EXTRACTED ENTRIES Block Start

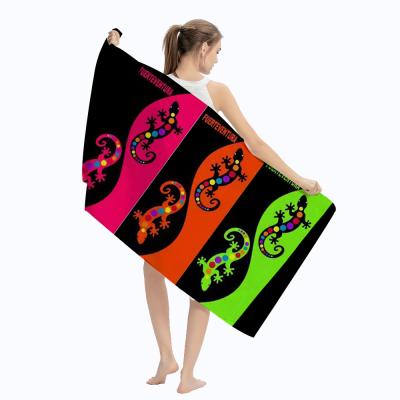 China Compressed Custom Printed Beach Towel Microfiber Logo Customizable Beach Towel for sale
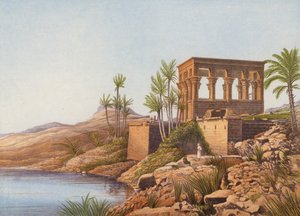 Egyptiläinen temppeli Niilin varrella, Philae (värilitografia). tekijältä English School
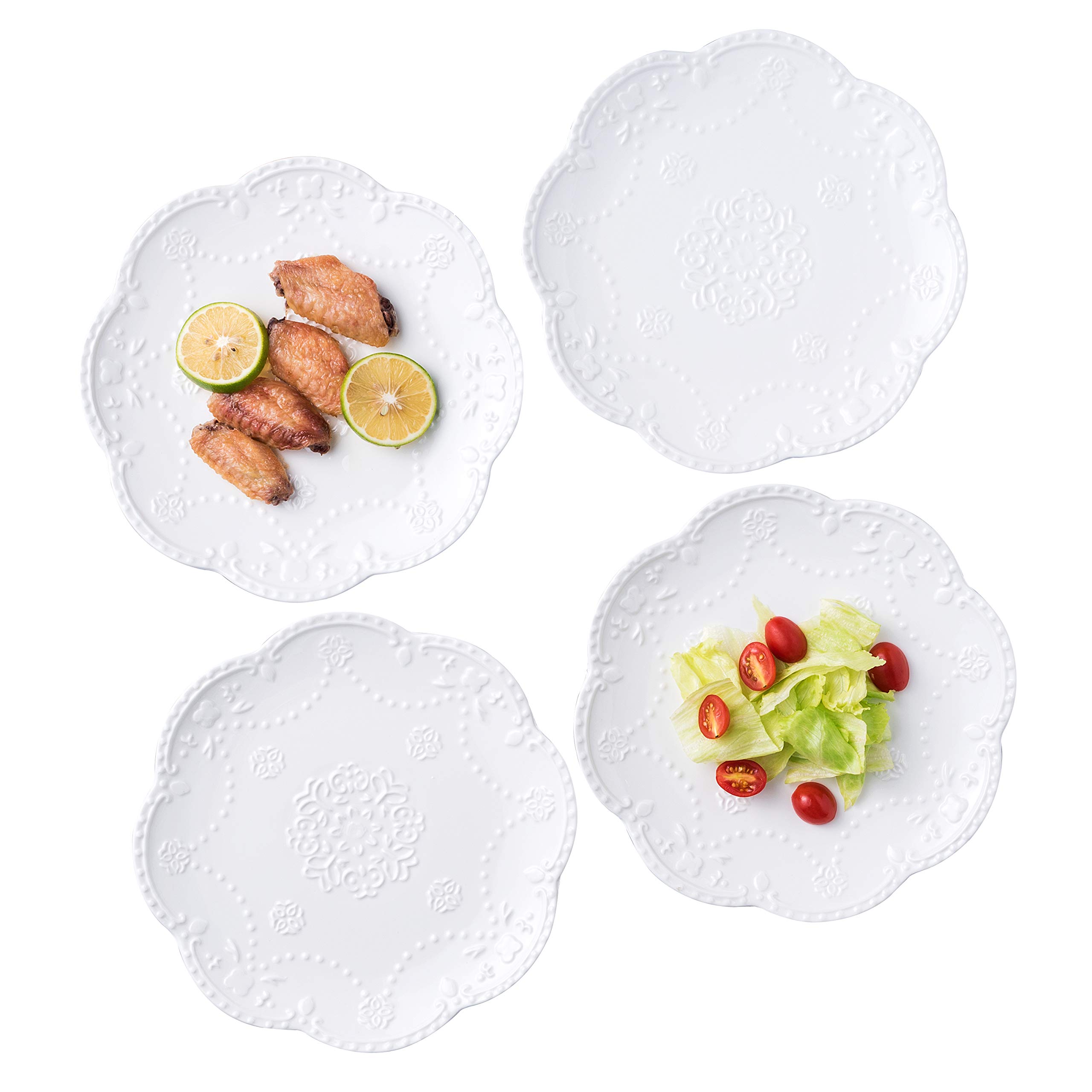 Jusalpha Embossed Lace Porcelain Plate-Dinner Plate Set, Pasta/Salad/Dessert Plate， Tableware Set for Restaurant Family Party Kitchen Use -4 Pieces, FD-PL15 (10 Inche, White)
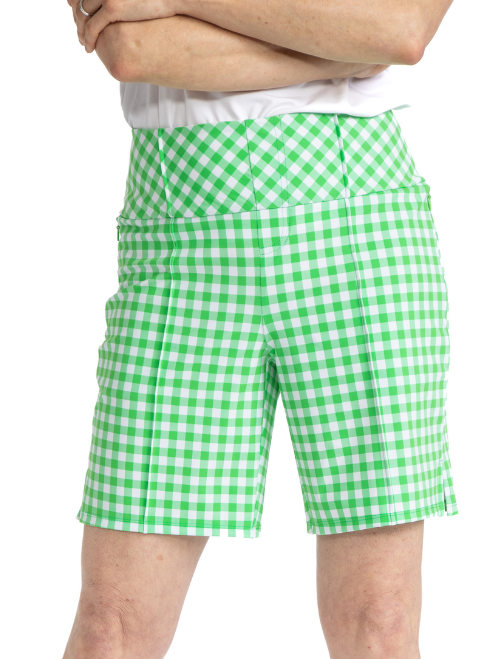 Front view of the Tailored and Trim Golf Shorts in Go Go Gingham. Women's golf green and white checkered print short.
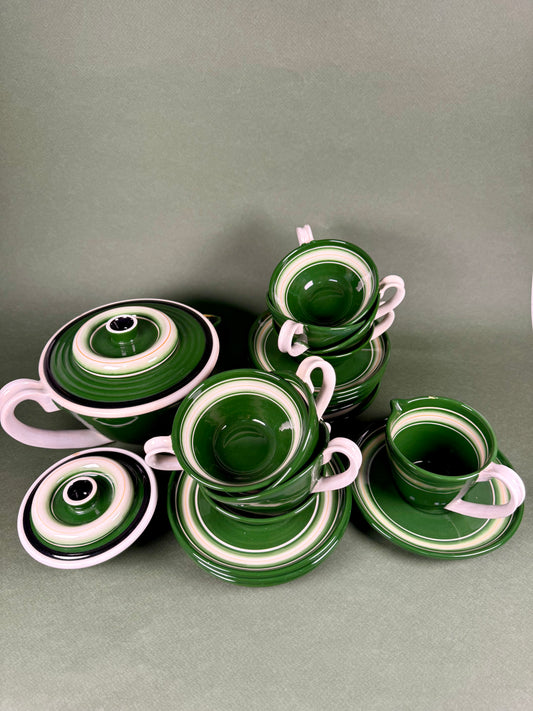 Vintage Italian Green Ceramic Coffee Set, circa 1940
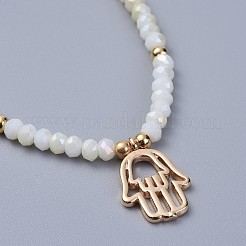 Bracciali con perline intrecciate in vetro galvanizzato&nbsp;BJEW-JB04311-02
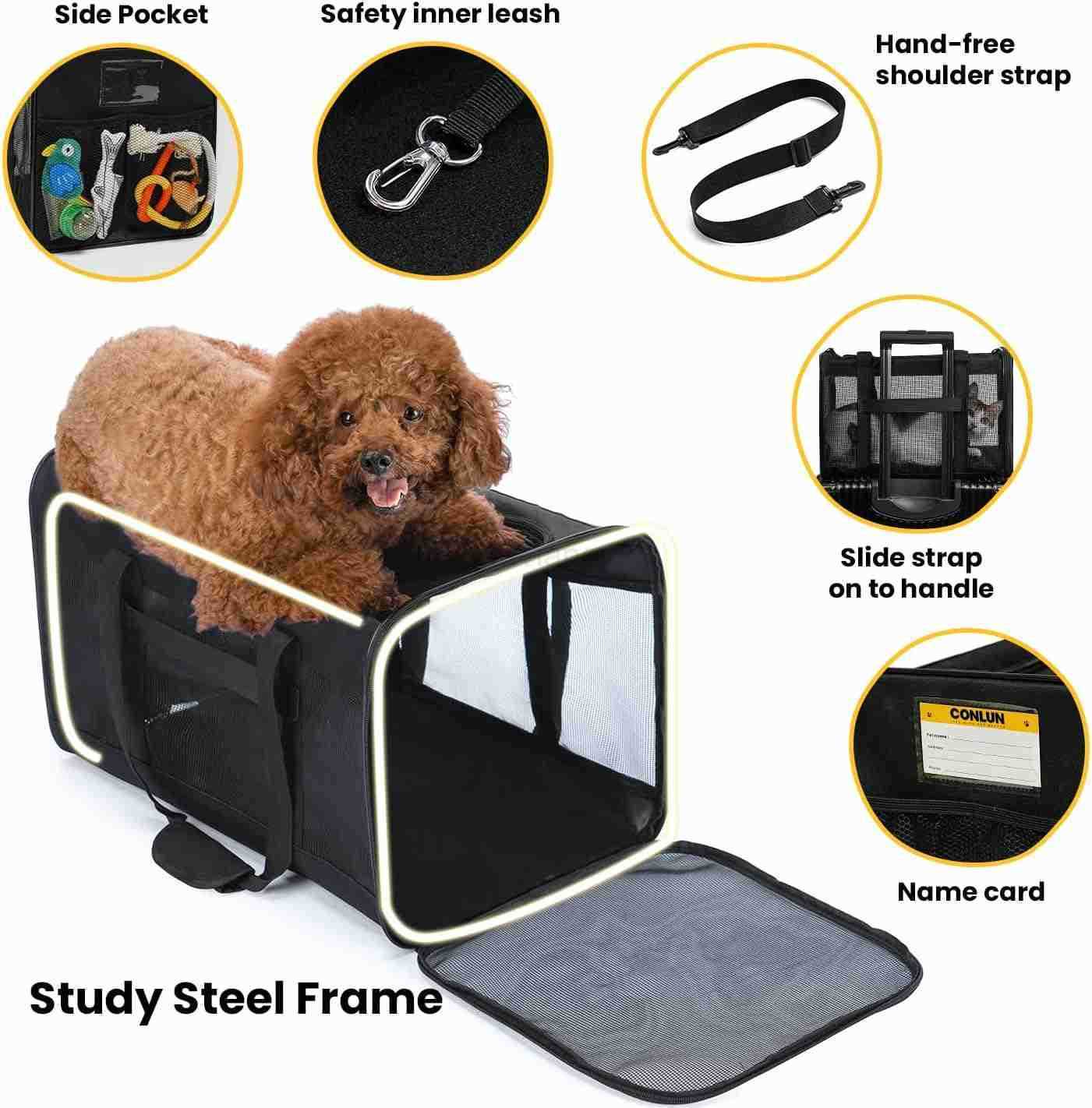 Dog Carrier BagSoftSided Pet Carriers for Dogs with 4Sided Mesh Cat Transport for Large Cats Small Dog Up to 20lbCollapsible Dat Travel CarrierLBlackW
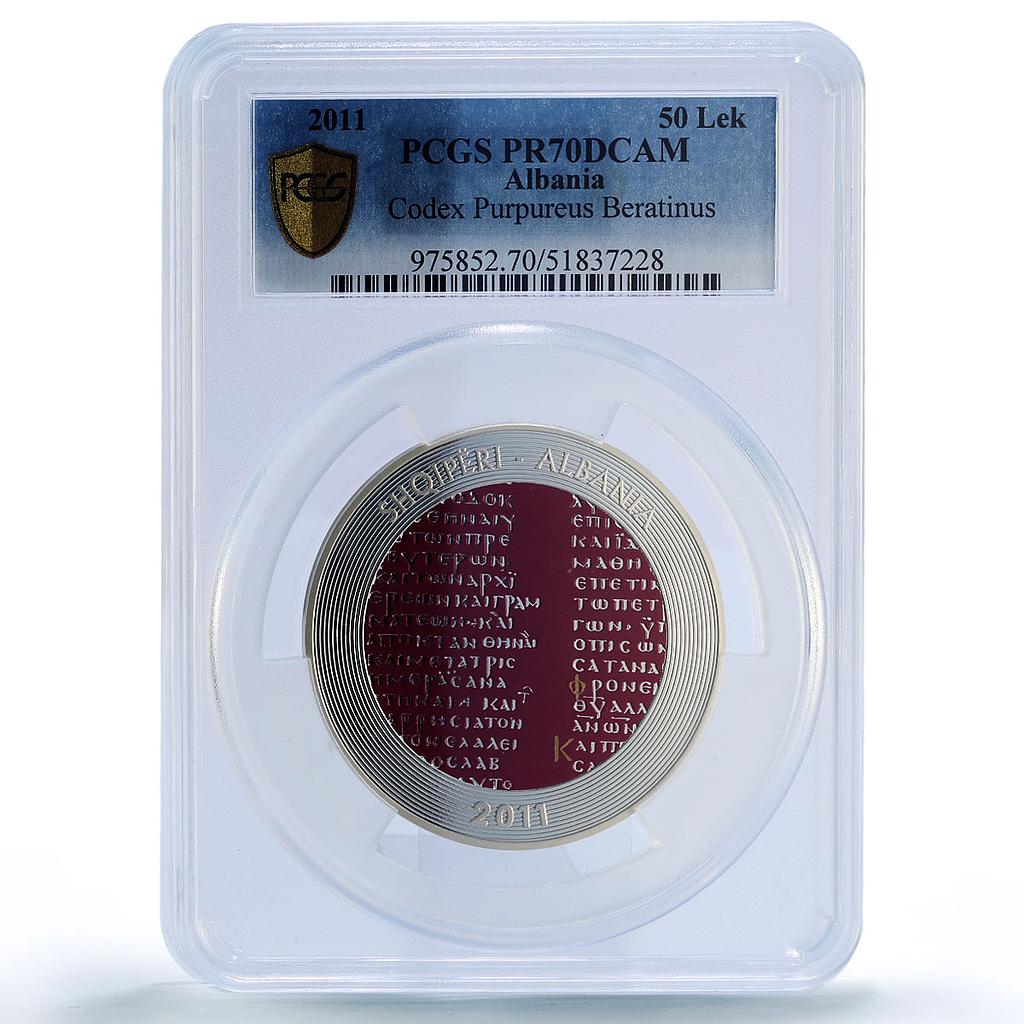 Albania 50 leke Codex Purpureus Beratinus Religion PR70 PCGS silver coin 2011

EXTRACTED ENTRIES Block End

- [ASSIGNED TASK] Copy exactly, and copy nothing else: the lines from the one containing "Bracciali con perline" through the end of the data, both ends included, with pictures left out.

- [SOLUTION FOR THIS EXERCISE]
 Bracciali con perline intrecciate in vetro galvanizzato&nbsp;BJEW-JB04311-02
 Dog Carrier BagSoftSided Pet Carriers for Dogs with 4Sided Mesh Cat Transport for Large Cats Small Dog Up to 20lbCollapsible Dat Travel CarrierLBlackW
 Albania 50 leke Codex Purpureus Beratinus Religion PR70 PCGS silver coin 2011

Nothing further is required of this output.